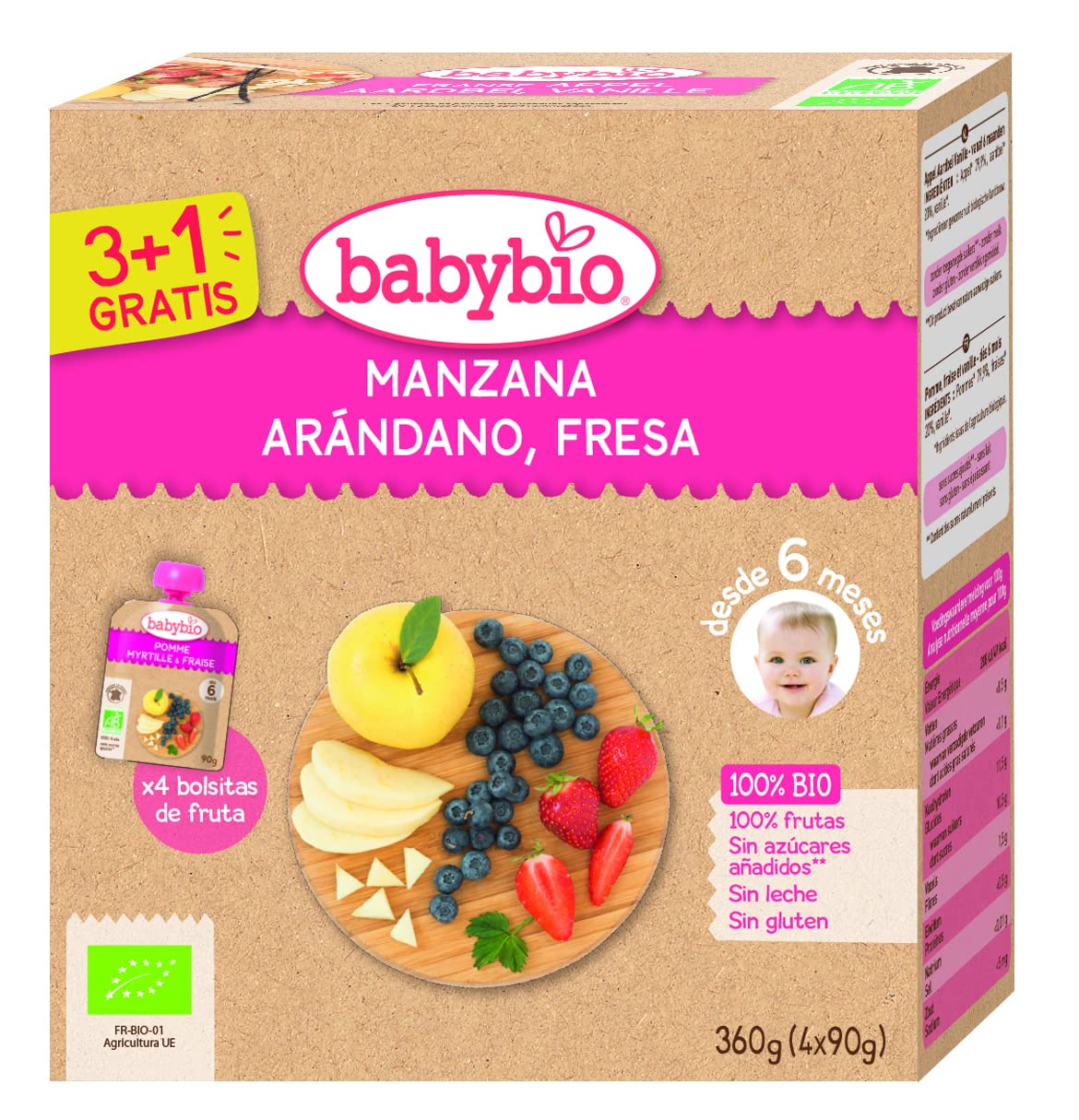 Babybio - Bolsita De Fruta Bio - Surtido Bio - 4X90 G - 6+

==

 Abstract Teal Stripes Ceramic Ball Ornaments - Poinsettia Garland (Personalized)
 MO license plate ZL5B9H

--

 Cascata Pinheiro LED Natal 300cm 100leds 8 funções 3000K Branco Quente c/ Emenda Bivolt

• _Required action_
Here the output must be the lines above from the line with "Abstract Teal Stripes" to the line with "MO license plate ZL5B9H", both included, duplicated word for word and nothing else.

• _Response area_
 Abstract Teal Stripes Ceramic Ball Ornaments - Poinsettia Garland (Personalized)
 MO license plate ZL5B9H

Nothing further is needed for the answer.